For a long time, the answer has been an unsure combination of the U.S. government, physicians, and family members. But as the population of Americans older than 65 grows at a faster rate than any other age bracket, seniors’ presence on the road is growing as well. According to the Federal Highway Administration (FHA), there were 48 million licensed drivers ages 65 and older in 2020, nearly 70% more than there were two decades before. Data from the FHA show that seniors account for 20% of drivers on U.S. roads, where the types of impairments frequently associated with aging incur a greater risk of crash involvement.
Policies meant to ensure drivers remain capable as they age—such as stricter vision-testing for license renewals and reporting requirements for dementia diagnoses—exist, but according to new research presented in late October at the 2023 Clinical Trials on Alzheimer’s Disease conference, they may be undermining—or at least complicating—their intended outcomes. For example, some states require that drivers (or their doctors) notify the Department of Motor Vehicles if they get diagnosed with certain conditions that are impossible to evaluate at DMV facilities, like diabetes, seizure disorders, and most importantly, dementia.
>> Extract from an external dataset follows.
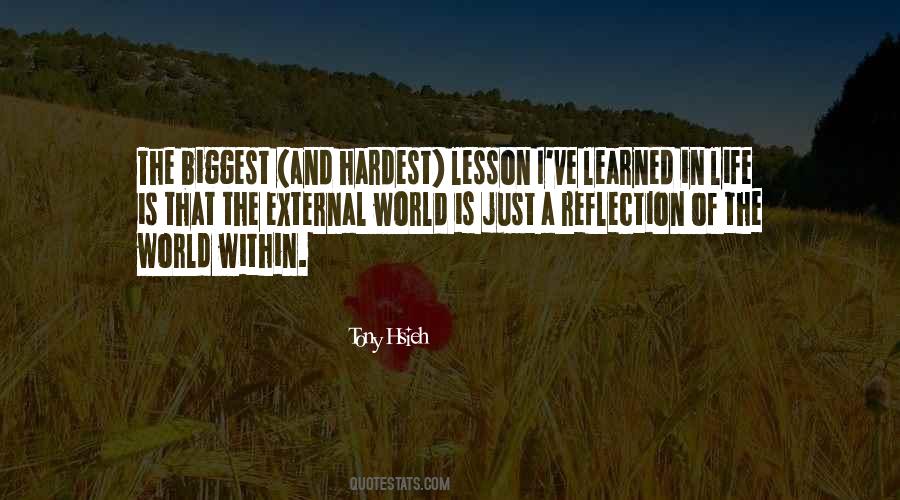 Tony Hsieh Quotes #768147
Dementia not only directly affects driving abilities, but it also reduces a person’s capacity to recognize their own impairments or dangerous behaviors. Concerned by this dual hazard especially among rising rates of dementia diagnoses, a team led by Hankyung Kate Jun, a research fellow at Harvard Medical School’s Department of Healthcare Policy, wanted to understand how dementia-reporting policies were impacting public health and driver safety. They found only one study ever published on the topic, which looked at dementia diagnoses among those hospitalized after crashes, and found no real trend in line with the policies. So, the team decided to compare expected and actual dementia diagnoses in each state using a predictive model—and found that physicians in the four states that require doctors to notify the DMV when they’ve diagnosed a patient were significantly more likely to underdiagnose dementia. In California, Oregon, Delaware, and Pennsylvania, the rate of underdiagnosis was 14%, compared to 9% in other states.
Fourteen other states require patients themselves to notify the DMV of their own diagnoses, but Jun’s team found no difference in diagnosis margins between these states and states with no mandate whatsoever. The researchers plan to next look at the number of reports actually made to each state’s DMV, licensing changes they’ve caused, and road-accident data—if they can get that information, they can potentially figure out if these unenforced self-reporting mandates are at all effective.
Jun believes that the fear of losing the ability to drive may be stopping people from telling the DMV of dementia diagnoses. And in the four states with physician-reporting mandates, she adds, that fear could be discouraging people to seek medical help in the first place. “I do believe like the reason why doctors underdiagnose is not because the doctors want to underdiagnose, but because the patients are reluctant,” she says.
Though the study doesn’t reveal whether these policies are effective in preventing crashes and injuries, it does suggest that they may be part of the family and individual calculus determining whether older people developing dementia are getting the care they need—and highlights the difficult balance between ethical and safety concerns that state DMVs are tasked with establishing in an aging country.